Your instructions: All lines from the one with "Camiseta gola V de linho flamejado - Bonbon" onward, through the last line of the records below, are to be retyped word for word.

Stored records
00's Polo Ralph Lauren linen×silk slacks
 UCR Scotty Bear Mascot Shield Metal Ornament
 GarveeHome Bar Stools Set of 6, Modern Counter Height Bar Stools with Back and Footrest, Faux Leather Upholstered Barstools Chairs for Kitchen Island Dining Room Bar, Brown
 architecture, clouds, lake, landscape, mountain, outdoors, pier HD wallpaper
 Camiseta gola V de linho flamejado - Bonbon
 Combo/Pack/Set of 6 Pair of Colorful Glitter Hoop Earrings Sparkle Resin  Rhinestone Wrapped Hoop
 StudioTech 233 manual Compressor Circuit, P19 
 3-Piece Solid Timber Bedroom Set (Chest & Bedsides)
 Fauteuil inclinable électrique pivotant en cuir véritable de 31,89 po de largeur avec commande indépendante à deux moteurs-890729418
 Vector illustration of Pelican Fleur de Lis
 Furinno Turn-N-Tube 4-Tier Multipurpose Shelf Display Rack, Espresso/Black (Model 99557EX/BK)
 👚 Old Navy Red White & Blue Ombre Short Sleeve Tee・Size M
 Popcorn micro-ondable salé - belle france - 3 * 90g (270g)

Answer section:
 Camiseta gola V de linho flamejado - Bonbon
 Combo/Pack/Set of 6 Pair of Colorful Glitter Hoop Earrings Sparkle Resin  Rhinestone Wrapped Hoop
 StudioTech 233 manual Compressor Circuit, P19 
 3-Piece Solid Timber Bedroom Set (Chest & Bedsides)
 Fauteuil inclinable électrique pivotant en cuir véritable de 31,89 po de largeur avec commande indépendante à deux moteurs-890729418
 Vector illustration of Pelican Fleur de Lis
 Furinno Turn-N-Tube 4-Tier Multipurpose Shelf Display Rack, Espresso/Black (Model 99557EX/BK)
 👚 Old Navy Red White & Blue Ombre Short Sleeve Tee・Size M
 Popcorn micro-ondable salé - belle france - 3 * 90g (270g)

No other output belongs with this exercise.